September 14, 2022
The big challenge in 2023 crop budgets? No surprise – it’s fertilizer, or 36% of variable corn costs, according to USDA. From October 2020 to Oct. 2021 anhydrous prices nearly doubled and will remain stubbornly high for the near term. According to a June 2022 Iowa State study, fertilizer prices are two to four times higher now than in 2020.
It’s easy to point a finger at the Russia-Ukraine conflict as the source of this pain, but unchecked consolidation that reshaped the fertilizer industry into an oligopoly began long before the guns began blazing last February. Half of UAN produced in the United States comes from CF Industries. Mosaic produces some 75% of U.S. phosphorus and last year successfully got the Department of Commerce to place countervailing duties on two of its major competitors, Russia and OCP Morocco. Meanwhile, four companies – CF Industries, Nutrien, Koch and Yara-USA – make and sell 75% of nitrogen-based fertilizers in this country.
Industry consolidation began soon after ag’s golden era began to wane some eight years ago. Fertilizer companies saw crop prices drop and began to trim costs; to survive, they merged and grew. This happened right in front of our eyes. The antitrust folks in Washington, D.C. did not weigh in. We see unprecedented concentration in not only fertilizer but also soybean processing, beef processing and pork processing.
“Don’t expect DOJ (Department of Justice) to come break up the fertilizer companies,” says Josh Linville, vice president-fertilizer for StoneX. “There’s a lot of other industries they will look at before they get around to fertilizer concentration.”
It doesn’t hurt if you can eliminate your competitors. In 2020 DAP (Diammonium Phosphate) had dropped to $250 a ton before Mosaic called for the countervailing duty on Russia and Morocco. Today the DAP retail price is nearly triple that. But that higher price also reflects an increasing difficulty Mosaic faces in extracting phosphate rock from the ground. So a ton of DAP that cost $750 per ton retail probably costs the company $575 per ton to produce, says Linville.
“It’s not gouging,” he points out. “They are one of the highest cost phosphate producers in the world. They’re going to do everything they can to survive.”

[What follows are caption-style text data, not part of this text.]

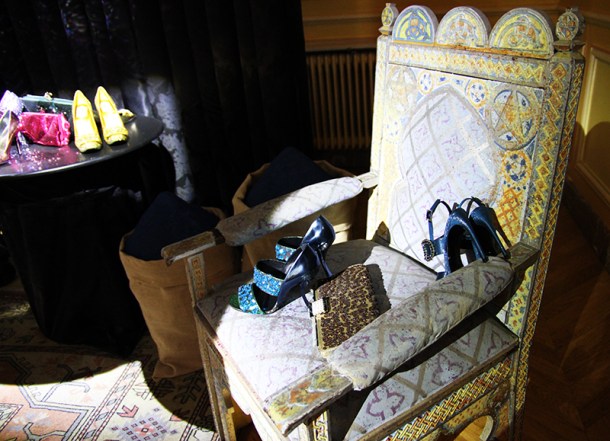 Roger Vivier 2014-15FW collection Paris4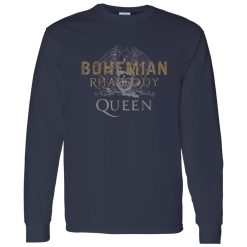 Bohemian Rhapsody Queen Shirt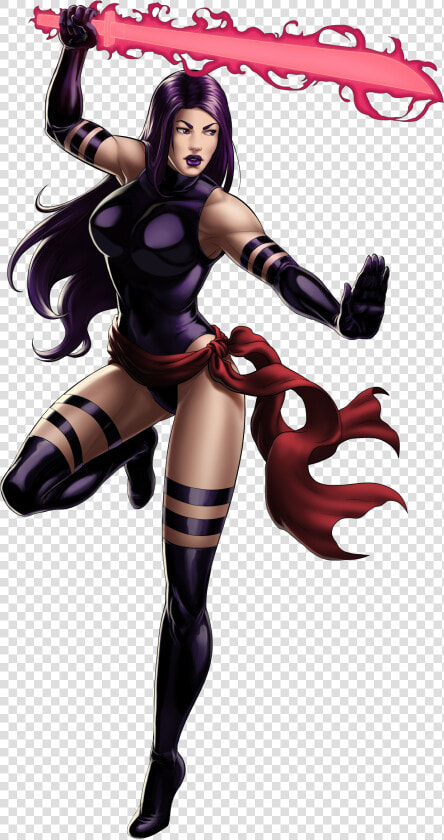 Elizabeth Braddock   Psylocke Marvel Avengers Alliance  HD Png DownloadTransparent PNG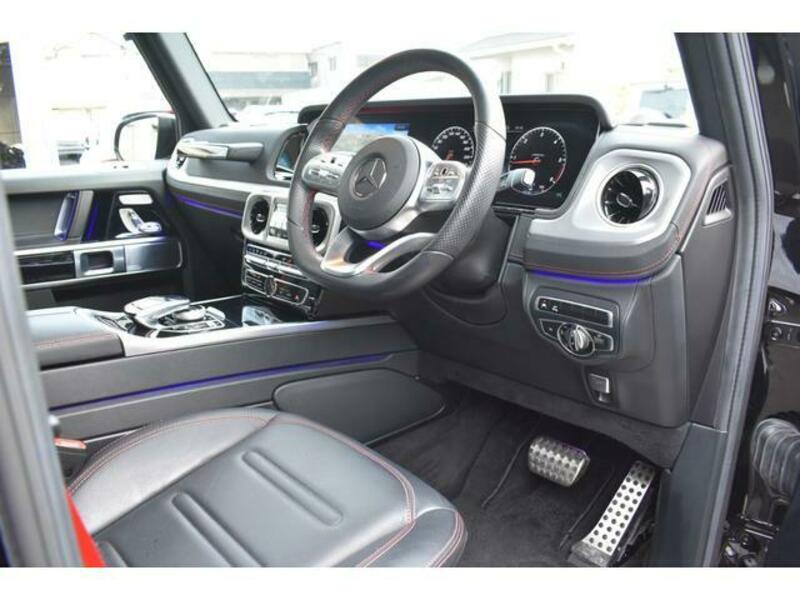 G-CLASS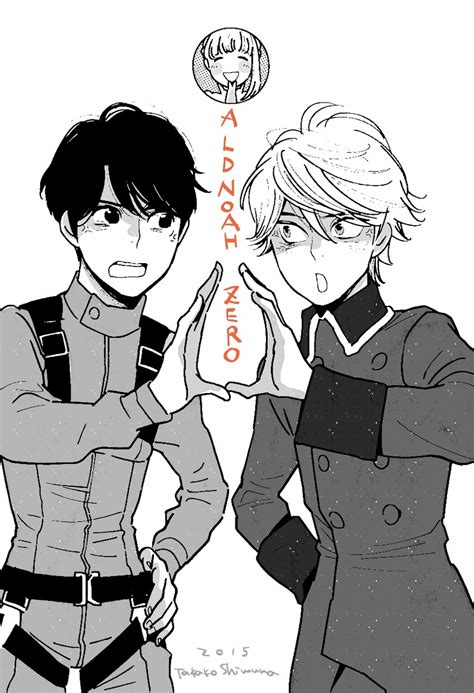 Slaine Troyard Kaizuka Inaho And Asseylum Vers Allusia Aldnoahzero Drawn By Shimuratakako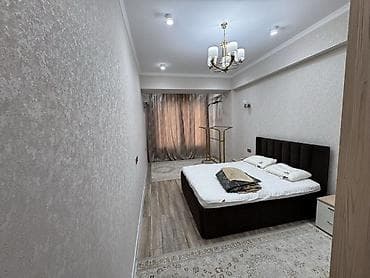 с дизайнерским ремонтом: 2 комнаты, 85 м², Дизайнерский ремонт — 9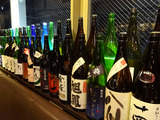 『北新地・地酒の陣2017』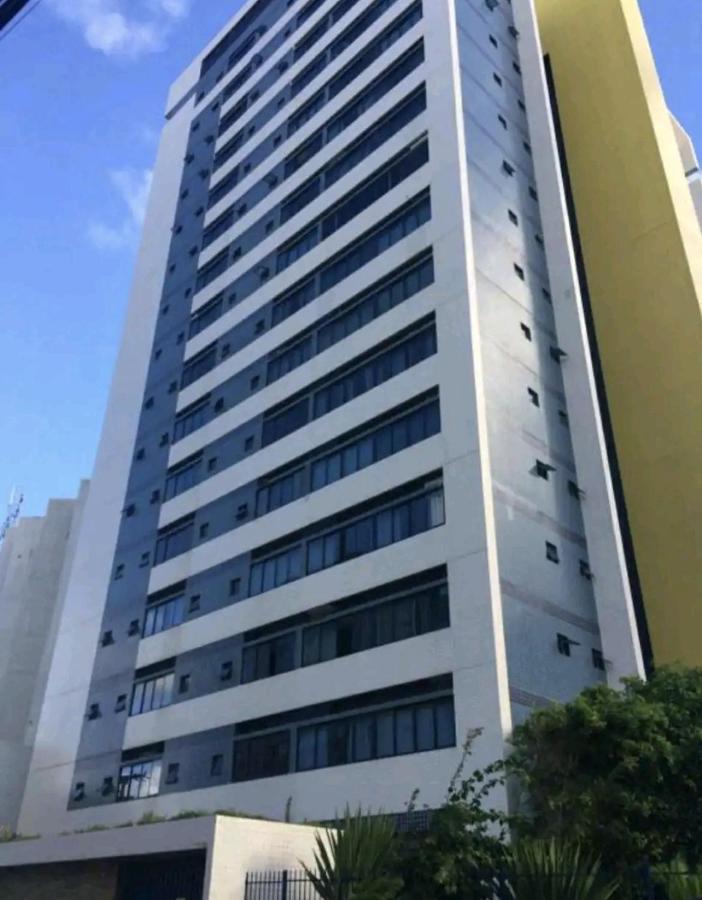 Studio Everest Flat Vista Mar Recife Eksteriør bilde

A world of haves and have-nots
Fertilizer is costly because supplies tightened. It started in 2021 when China, the world’s largest maker and user of anhydrous, stopped exporting phosphate over domestic food worries. No one is sure if or when it will return to the market. While the U.S. did not buy much phosphate from China, the country did account for 30% of world phosphate trade. Other countries began hoarding in response to security worries and higher food prices.
But the biggest concern of all is Russia. According to FAO, last year the Russian Federation ranked as the world’s top exporter of nitrogen fertilizers, the second leading supplier of potassium fertilizers and the third largest exporter of phosphorous fertilizers. By shutting off natural gas to Europe, it crippled one of the world’s leading anhydrous ammonia suppliers. Europe’s plants are now closed until further notice, turning an entire region from a supplier into a buyer that every other farmer must compete against.
“The result has been global N values skyrocketing as it comes to terms with losing an entire producing region,” says Linville.
At least U.S. farmers don’t have the same worries their European counterparts have.
“We are actually somewhat insulated from the global tightness in fertilizer,” says Jacqueline Holland, Farm Futures grain market analyst. “We can produce most of our own fertilizer.”
Wouldn’t expanding fertilizer production be the answer to tight supplies? Of course.
But with the Black Sea conflict and overarching fears of a global recession, companies shy away from big expansion projects, because it takes too long to see returns.
“That’s what we’re seeing in Wall Street right now - shareholders opt for short term plans that guarantee a good dividend the next quarter,” says Holland. “If you start talking about investing billions in a plant that won’t earn returns for a decade, shareholders don’t want that, especially if farmers are willing to pay the higher prices – which they are.”
Win or lose in Ukraine, Russia is trying to re-structure the world order through food supply. It is weaponizing fertilizer, to coin a phrase Newsweek used in a summer opinion piece. It is taking care of the fertilizer needs of its friends in China and India, and that is leading to political gains.
Countries closer to home, like Mexico and Brazil, depend on fertilizer imports. There's no doubt Russia will try to make political inroads as it grows export sales in those countries. Several countries in Latin America, Eastern Europe and Central Asia rely on Russia for over 30% of their fertilizer needs. The same is true in Africa: Ghana, for example, buys half of its fertilizer from Russia. Iran, no friend to the U.S., is also sending fertilizer to Brazil.
Where does it leave us? Vulnerable.
“Not a lot of friends produce things we need, other than Canada and its potash,” notes Linville. The Russian economy is suffering but not as much as you might expect, because Brazil and India have no problem buying their fertilizer.
“Russia is a resource rich country, and the world needs natural resources,” says StoneX fertilizer analyst Josh Linville.